Karube I, Nakamoto Y, Namba K, Suzuki S
Biochim Biophys Acta. 1976 May 13;429(3):975-81. doi: 10.1016/0005-2744(76)90342-9.
(1) Urease (EC 3.5.1.5.) was modified with beta-1-[3,3-dimethyl-6'-nitrospiro-(indoline-2,2'-2H-benzopyrene)] propionic anhydride. Three amino acid residues of urease were modified by the anhydride at a molar ratio of 2000. (2) The activity of modified urease was decreased with ultraviolet irradiation and then restored to the initial activity with visible light irradiation. (3) Modified urease was used to prepare a urease-collagen membrane. The apparent Michaelis constant (Km) of the modified urease-collagen membrane ultraviolet light was identical to that of the membrane under visible light. (4) The optimum pH of the modified urease-collagen membrane was displaced toward lower pH values with ultraviolet irradiation. At higher ionic strength, the pH activity curve of the membrane was displaced toward higher pH values. (5) The thermostability of urease was increased with its modification.

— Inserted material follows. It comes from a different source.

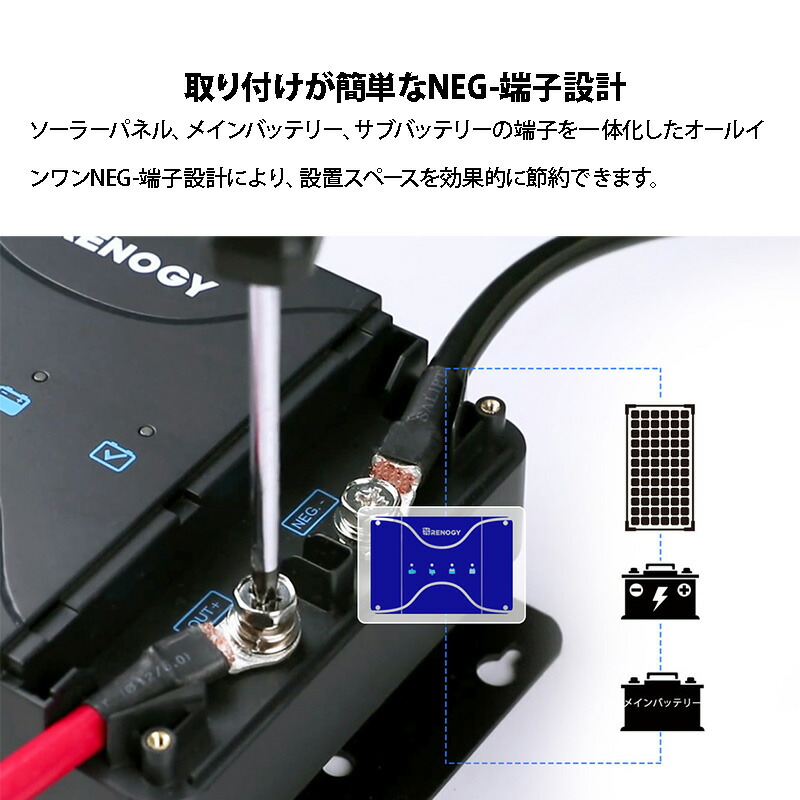 楽天市場】MPPT 走行充電器 DCCシリーズ 12V 50A チャージ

(1) 脲酶(EC 3.5.1.5.)用β-1-[3,3-二甲基-6'-硝基螺-(吲哚啉-2,2'-2H-苯并芘)]丙酸酐进行修饰。脲酶的三个氨基酸残基以2000的摩尔比被该酸酐修饰。(2) 修饰后的脲酶活性经紫外线照射降低,然后经可见光照射恢复到初始活性。(3) 用修饰后的脲酶制备了脲酶-胶原膜。修饰后的脲酶-胶原膜在紫外光下的表观米氏常数(Km)与在可见光下该膜的表观米氏常数相同。(4) 修饰后的脲酶-胶原膜的最适pH值经紫外线照射向较低pH值偏移。在较高离子强度下,该膜的pH-活性曲线向较高pH值偏移。(5) 脲酶经修饰后热稳定性增强。